Os casos clínicos conduzem os números de assistências no HGE, com 177 acolhimentos. Em seguida os acidentes apontam 65 vítimas, sendo 41 envolvendo acidentes domésticos ou casuais, 21 no trânsito e três no ambiente profissional.

O hospital ainda registrou nove vítimas de agressões, três delas corporais e seis por arma branca. Na Central de Triagem para a Covid-19 foram realizados 186 testes rápidos para o novo coronavírus, com 59 resultados positivos.

Ainda foram notificadas na unidade hospitalar, 51 altas médicas, 57 internamentos, 22 procedimentos cirúrgicos e vinte transferências. Paulo Teixeira, médico e gestor do HGE, informou que, entre os procedimentos cirúrgicos realizados, as cirurgias plásticas reparadoras contemplam mais de 60 pessoas por mês.

“São queimados ou pacientes vítimas de graves traumas ortopédicos, muitas vezes com exposições ósseas e fraturas delicadas. A equipe do HGE realiza todos os tipos de procedimentos, desde os mais simples, como suturas primárias de lesões que chegam à área vermelha, passando por desbridamentos de escaras, enxertos de pele, retalhos musculares para diversos tipos de lesões em membros, retalhos de pele para reconstruções complexas de lesões em couro cabeludo, mão, região genital e todas as outras partes do corpo”, contou.

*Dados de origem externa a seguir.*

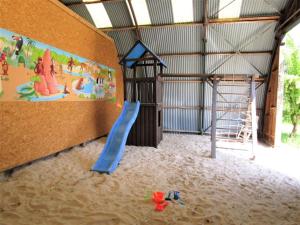 a play room with a slide in the sand at Ferienwohnung Galerie 1 in Hakendorferwurp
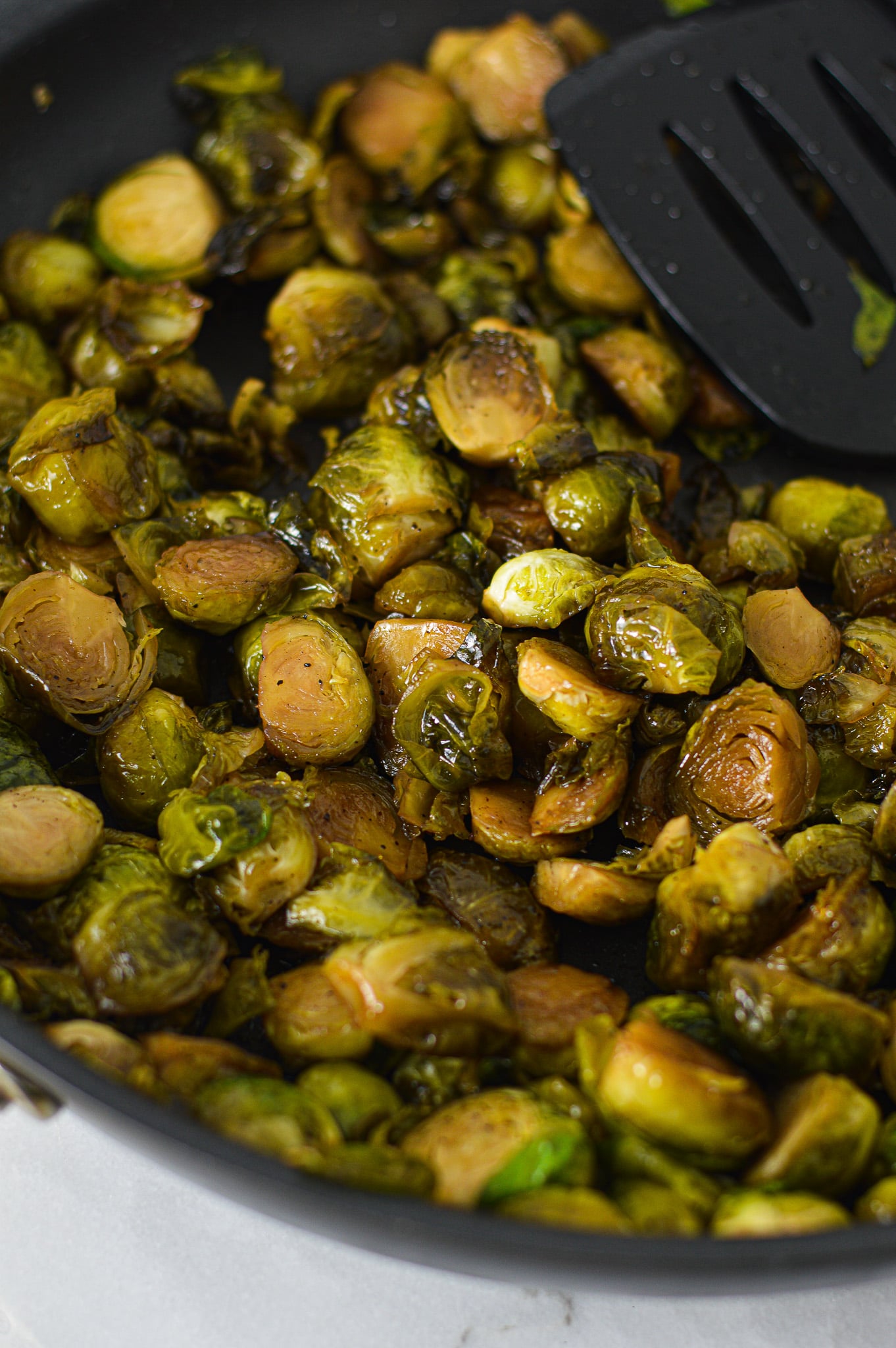 Some lightly browned Stovetop Balsamic Honey Brussels Sprouts in a large skillet, with a large spatula resting on top of the cooked brussels sprouts.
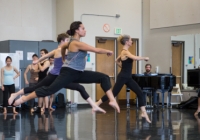 Dancers leaping in the studio, as musician plays piano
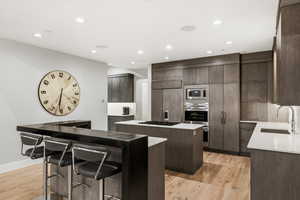 Kitchen with recessed lighting, light wood-style floors, built in appliances, dark stone countertops, and a breakfast bar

De acordo com o médico, as cirurgias pós-traumáticas são a maioria dos atendimentos da área pela referência em trauma do HGE no Estado. “A maioria dos pacientes internados com traumas graves no hospital em algum momento precisará de algum tipo de cirurgia plástica reparadora”.

Ele explicou que a equipe de cirurgia plástica da unidade hospitalar também realiza procedimentos em pacientes diabéticos que desenvolvem graves infecções e, inicialmente, são tratados pela equipe da cirurgia vascular. “São idosos muitas vezes debilitados e sequelados de graves doenças, com escaras (feridas pela imobilização prolongada), além de crianças, vítimas de violência e acidentes. Eles atendem todos os tipos de pacientes e dão suporte a todas as alas do hospital”, referiu o médico.